RELIGIÃO
Jornal A TARDE TERÇA-FEIRA 28 DE JUNHO DE 1983
Texto Reynivaldo Brito
Texto Reynivaldo Brito
“ NA IGREJA POPULAR A IDEOLOGIA PREVALECE SOBRE A ESPIRITUALIDADE”
O último trabalho do Bispo Auxiliar de Salvador, Dom Boaventura Kloppenburg O.F.M.,( foto) intitulado “ Igreja Popular” vai causar muita polêmica por suas posições firmes contra a chamada ala progressista do clero. Alguns o consideram um reacionário,mas o bispo rebate, e chegou a alinhar suas posições, algumas consideradas progressistas e outras conservadoras. Na apresentação feita por Dom Eugênio Sales, Cardeal do Rio de Janeiro, ele defende as posições do Bispo Boaventura e diz que “ os tempos novos exigem respostas novas e corajosas que esclareçam as tendências ocultas sob a falsa dialética progressista- conservadora”. Essa terminologia é a arma dos que procuram utilizar em seu proveito a força das opiniões em voga”.

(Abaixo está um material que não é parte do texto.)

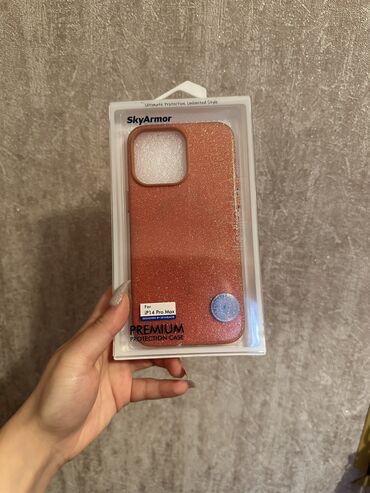 huawei mate 40 qiymeti: Premium case 14 pro max üçün ən ucuz qiymətə. Möhtəşəm parıldayır case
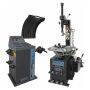 PKW Rad Wuchtmaschine und Montiermaschine Set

O certo é que o livro de Dom Boaventura editado pela Agir tem 236 páginas para serem lidas e discutidas. Revela acima de tudo uma postura mais libertária. Nesta entrevista e citações pode-se sentir quanto de polêmica este livro vai gerar no seio da Igreja Católica.
Um dos mais estudiosos e festejados sacerdotes deste País, O bispo auxiliar de Salvador Dom Boaventura Klopenburg, O.F.M., lançou, ontem, dia 27, no Rio de Janeiro, um trabalho intitulado “A Igreja Popular”, na Casa Paroquial João Paulo II, que certamente trará muita discussão no seio da Igreja Católica. Discorda do chamado clero progressista e contesta muitas de suas idéias libertárias, que segundo ele “estão afastadas da verdade do Cristo”. No livro,observa fatores positivos das chamadas Comunidade de Base, porém condena o radicalismo em que muitas delas estão mergulhadas. “hoje se acentua mais os problemas sociais esquecendo os espirituais.”A ideologia prevalece sobre a espiritualidade e que, “a Igreja Popular do Brasil é aquela onde estão as CEBs que se orientam segundo os critérios da Evangeli Nuntiandi, de Paulo VI”.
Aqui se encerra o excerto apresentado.